The line that contains "Boboj - Korean" marks the start. Please set it down, with every later line of the data, exactly and without pictures.

▸ **DATASET EXTRACT**
##############################

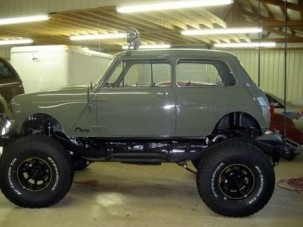 Brutál Mini 5,7-es motorral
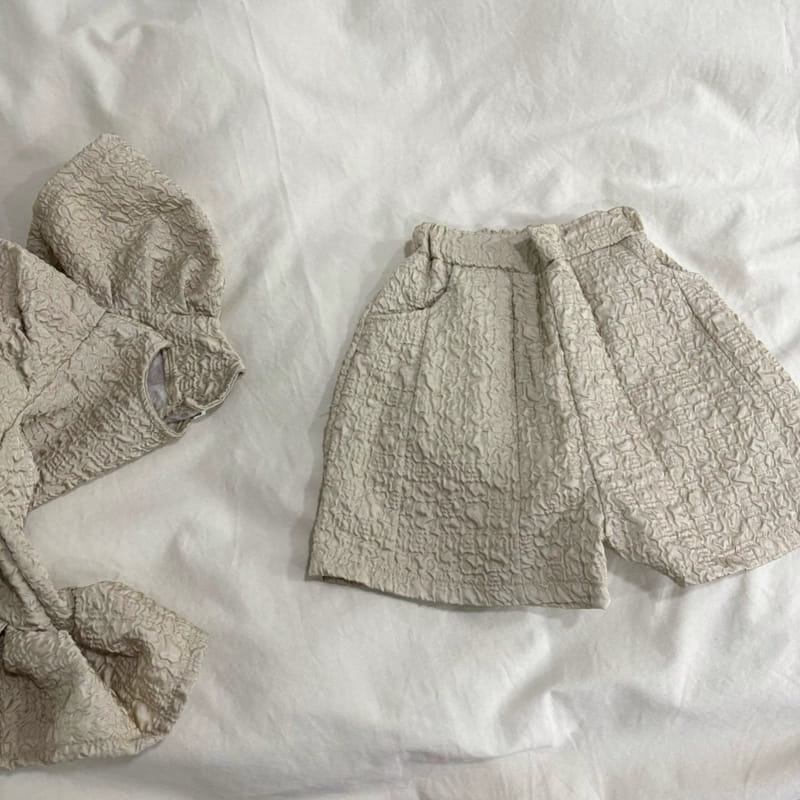 Boboj - Korean Children Fashion - #magicofchildhood - Jacquard Top Bottom Set - 3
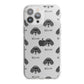 English Setter Icon with Name iPhone 13 Pro Max TPU Impact Case with White Edges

##############################

▸ **SOLUTION**
 Boboj - Korean Children Fashion - #magicofchildhood - Jacquard Top Bottom Set - 3
 English Setter Icon with Name iPhone 13 Pro Max TPU Impact Case with White Edges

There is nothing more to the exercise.